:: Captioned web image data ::
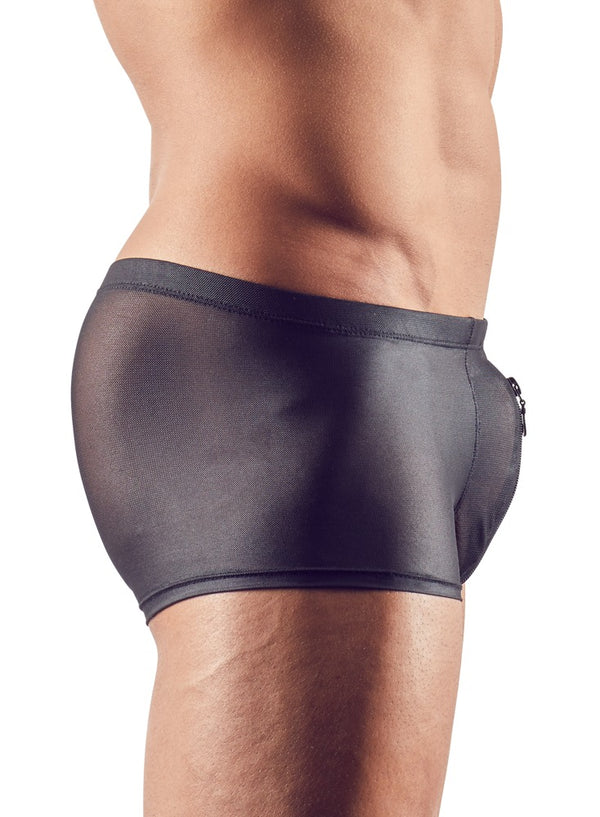 Svenjoyment boxer - Zwart - Svenjoyment - SKU: 21319351711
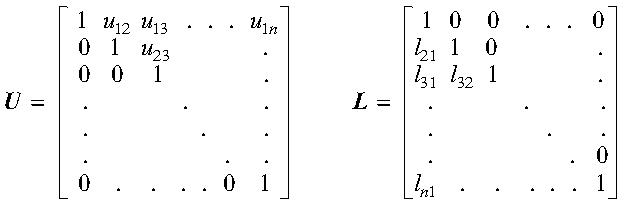 Figure ESYGR35 not displayed.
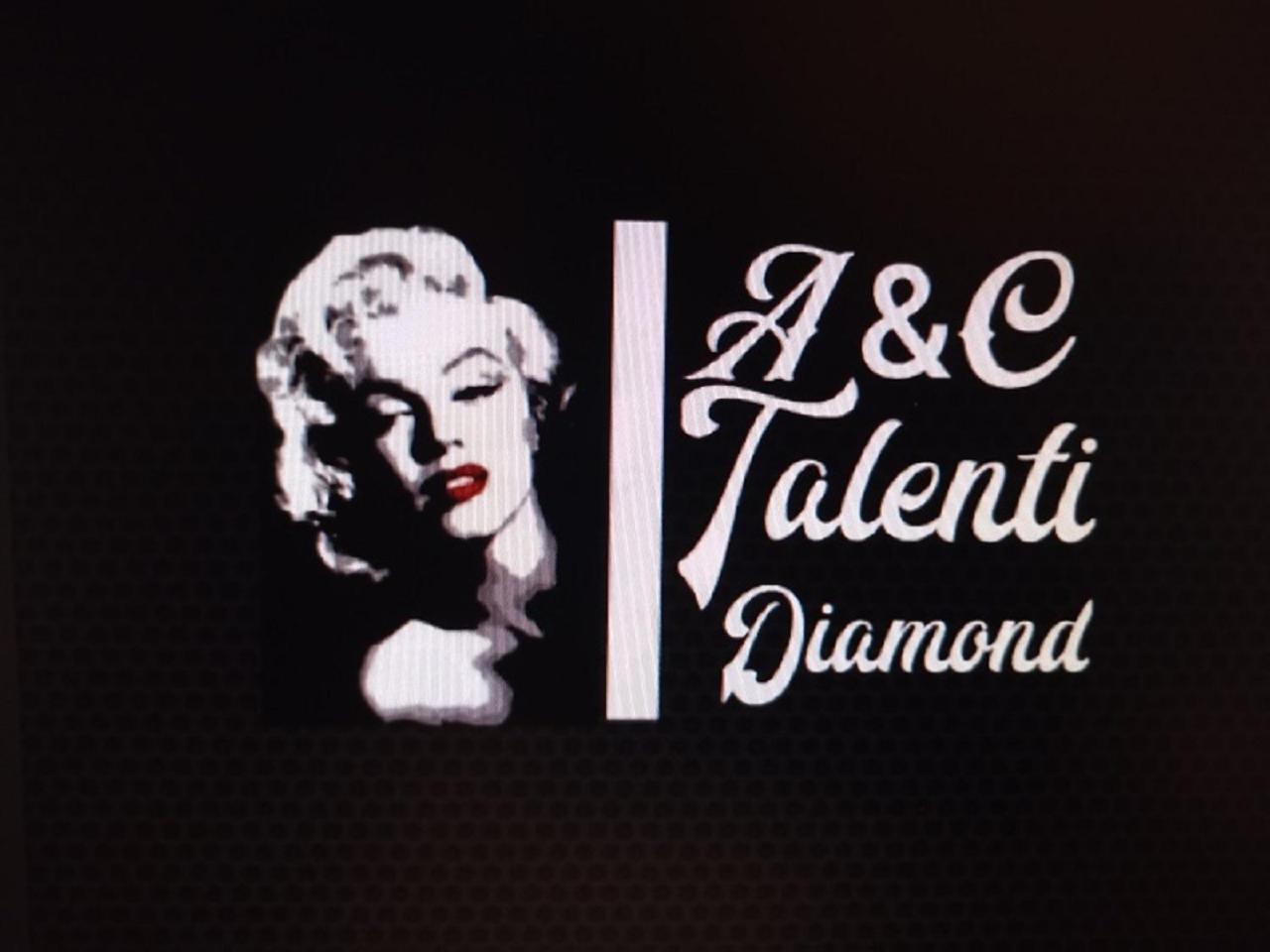 شقة A&C Talenti Diamond روما المظهر الخارجي الصورة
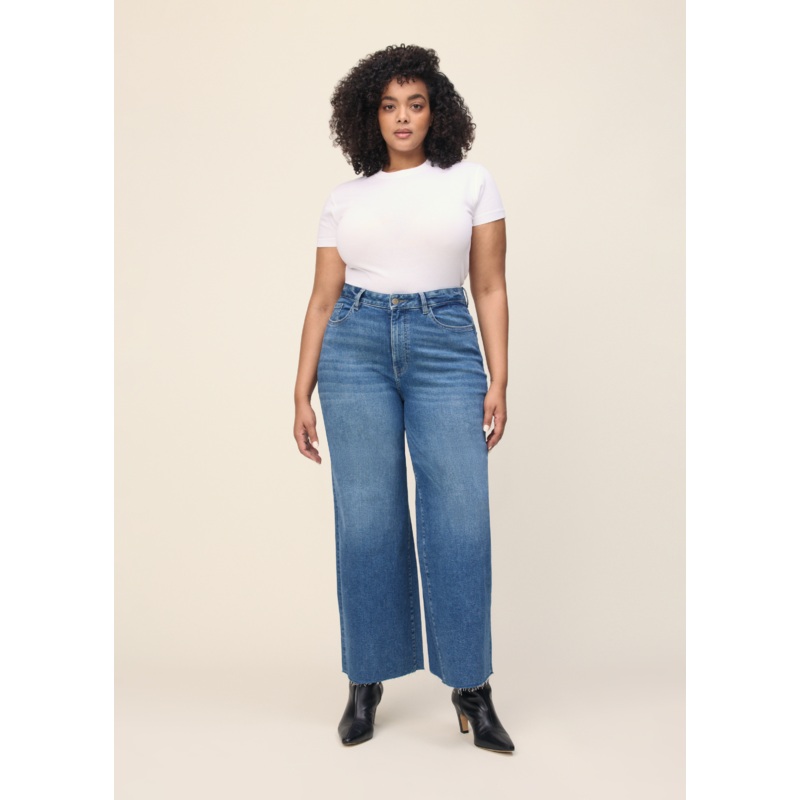 ICN Jeans
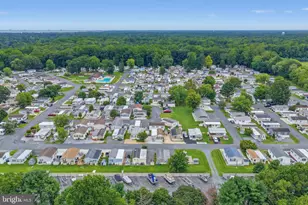 392 Timberline Cir, Berlin, MD 21811 - Photo 12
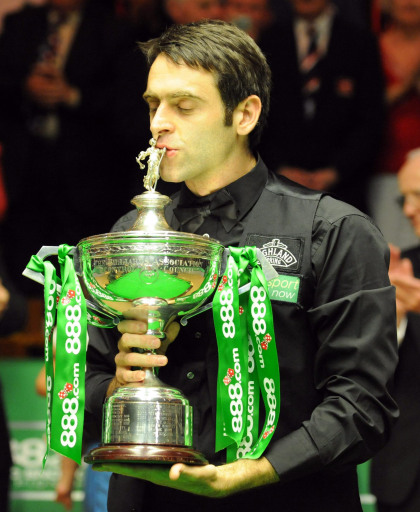 低走或低开 低走或低开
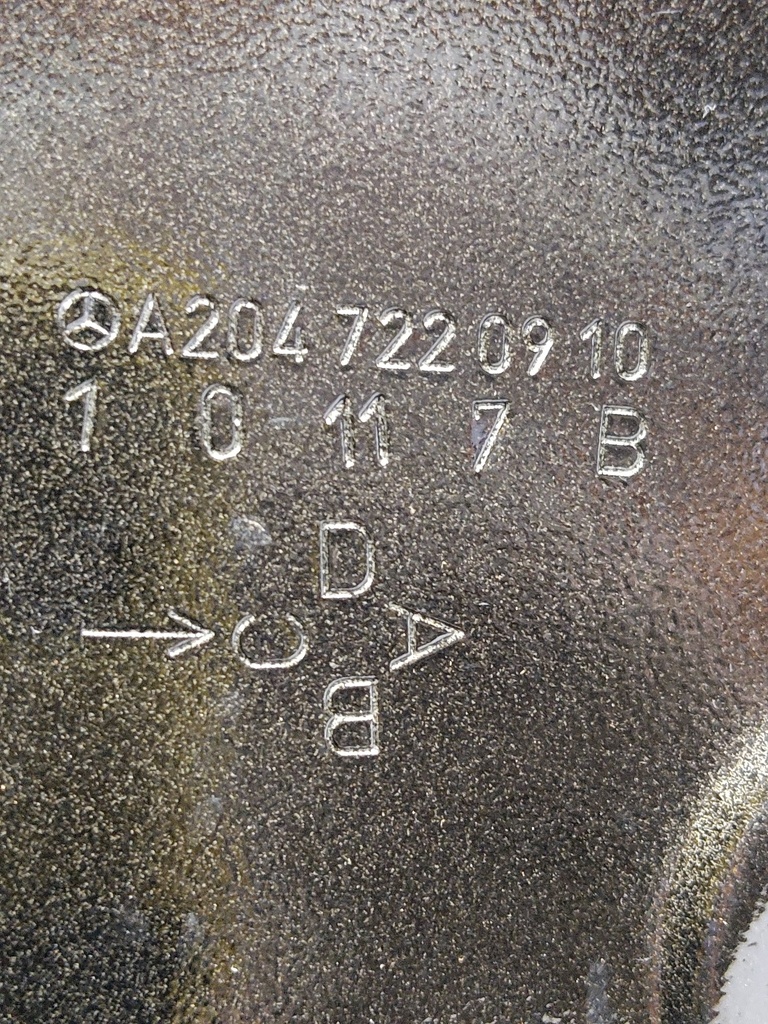 MTD-530109-9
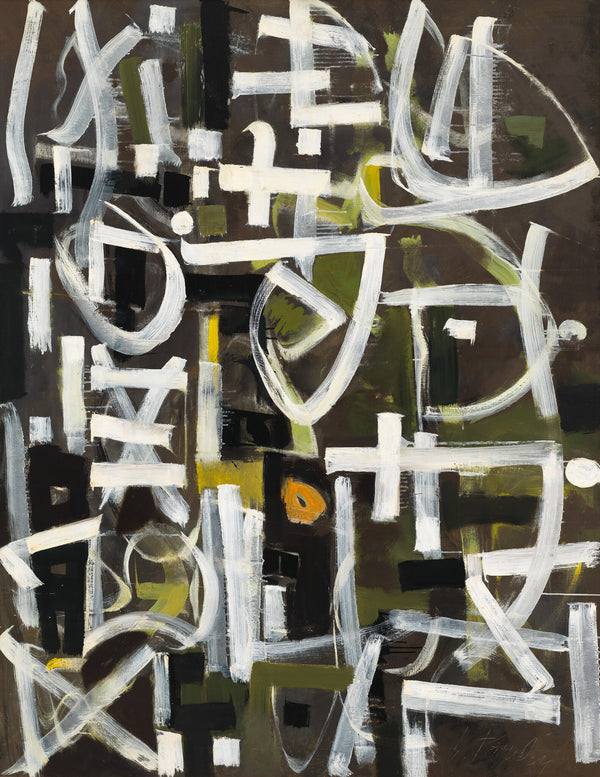 55- ब्रैडली वॉकर टॉमलिन (1899–1953)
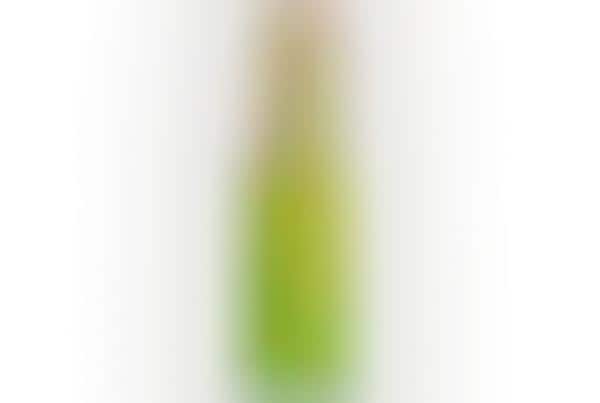 Glow-Enhancing Serums
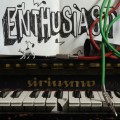 Buy Siriusmo - Enthusiast Mp3 Download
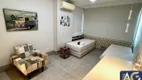 Foto 11 de Apartamento com 3 Quartos à venda, 155m² em Gilberto Machado, Cachoeiro de Itapemirim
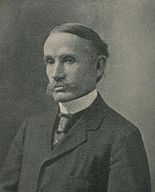 John Bates Clark.jpg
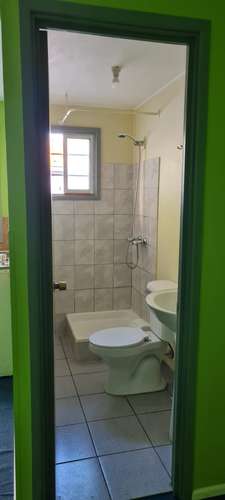Arriendo Departamento Mini - Imagen 7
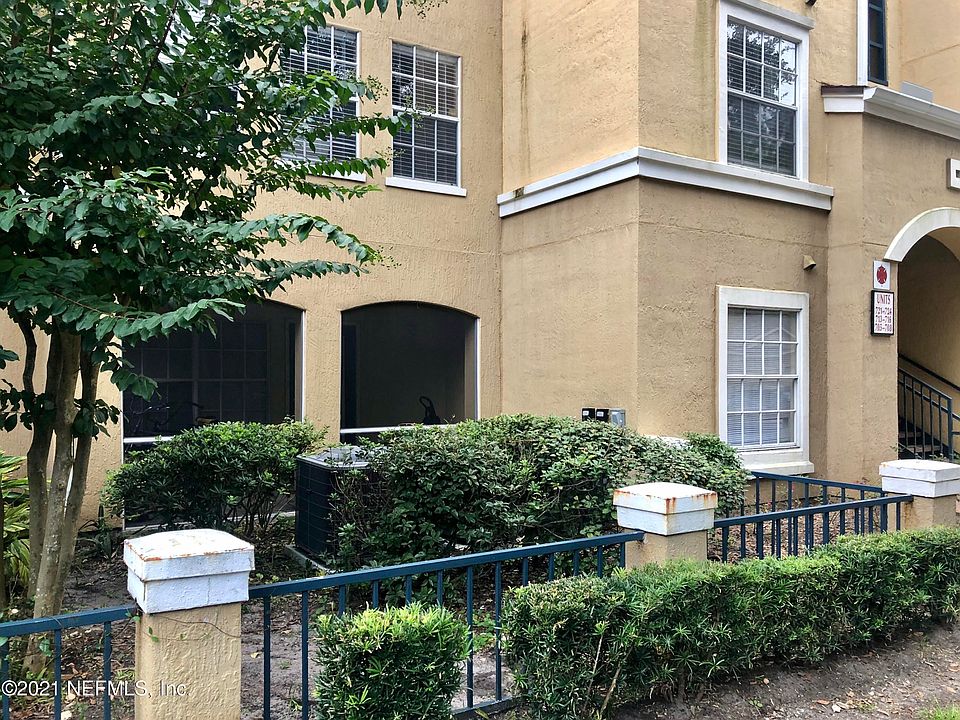 1st image of 3591 KERNAN Boulevard #705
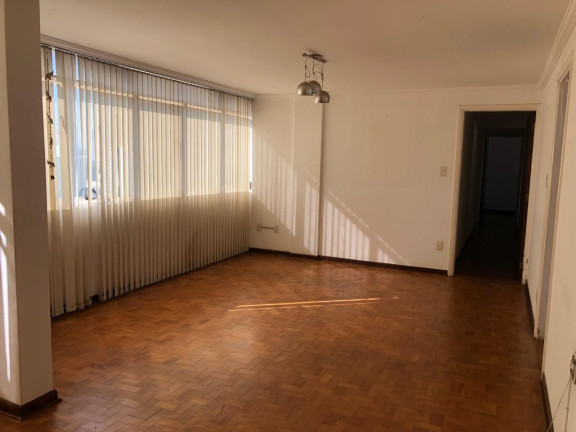 Imagem Apartamento com 3 Quartos à Venda, 177 m² em Centro - Santo André Imagem Apartamento com 3 Quartos à Venda, 177 m² em Centro - Santo André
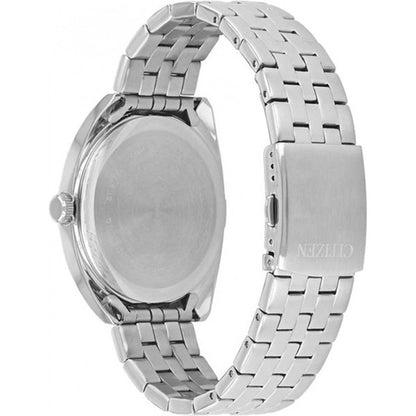 CITIZEN Mod. BI5090-50A-2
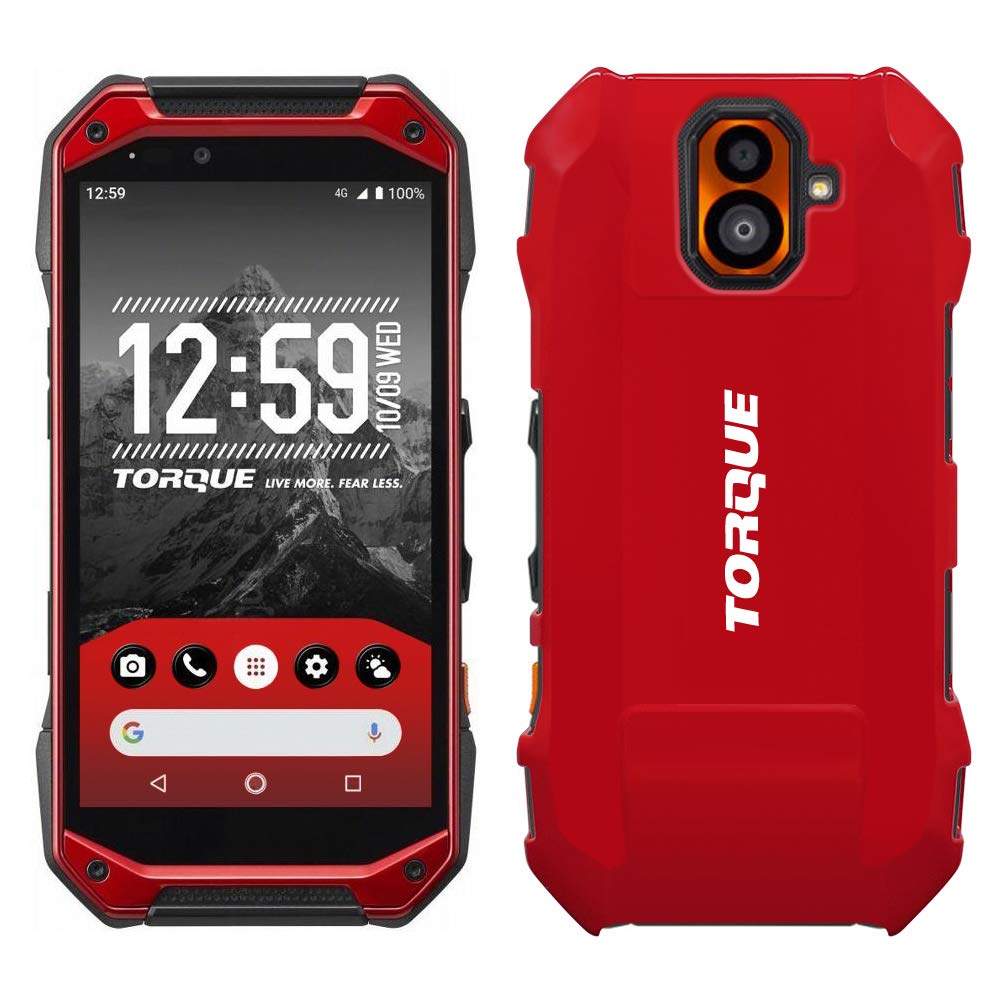 Amazon.co.jp: Breeze TORQUE G04 ケース スマホケース トルクG04 Amazon.co.jp: Breeze TORQUE G04 ケース スマホケース トルクG04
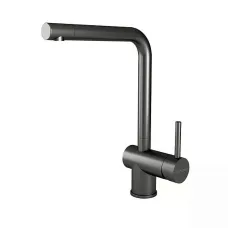 Смеситель PAULMARK Spring Sp212067-GM Смеситель PAULMARK Spring Sp212067-GM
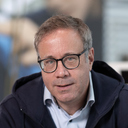 Thomas Zeleny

:: About this exercise ::
Line by line, write out the data above exactly, without the pictures.

:: Answer box ::
 Svenjoyment boxer - Zwart - Svenjoyment - SKU: 21319351711
 Figure ESYGR35 not displayed.
 شقة A&C Talenti Diamond روما المظهر الخارجي الصورة
 ICN Jeans
 392 Timberline Cir, Berlin, MD 21811 - Photo 12
 低走或低开 低走或低开
 MTD-530109-9
 55- ब्रैडली वॉकर टॉमलिन (1899–1953)
 Glow-Enhancing Serums
 Buy Siriusmo - Enthusiast Mp3 Download
 Foto 11 de Apartamento com 3 Quartos à venda, 155m² em Gilberto Machado, Cachoeiro de Itapemirim
 John Bates Clark.jpg
Arriendo Departamento Mini - Imagen 7
 1st image of 3591 KERNAN Boulevard #705
 Imagem Apartamento com 3 Quartos à Venda, 177 m² em Centro - Santo André Imagem Apartamento com 3 Quartos à Venda, 177 m² em Centro - Santo André
 CITIZEN Mod. BI5090-50A-2
 Amazon.co.jp: Breeze TORQUE G04 ケース スマホケース トルクG04 Amazon.co.jp: Breeze TORQUE G04 ケース スマホケース トルクG04
 Смеситель PAULMARK Spring Sp212067-GM Смеситель PAULMARK Spring Sp212067-GM
 Thomas Zeleny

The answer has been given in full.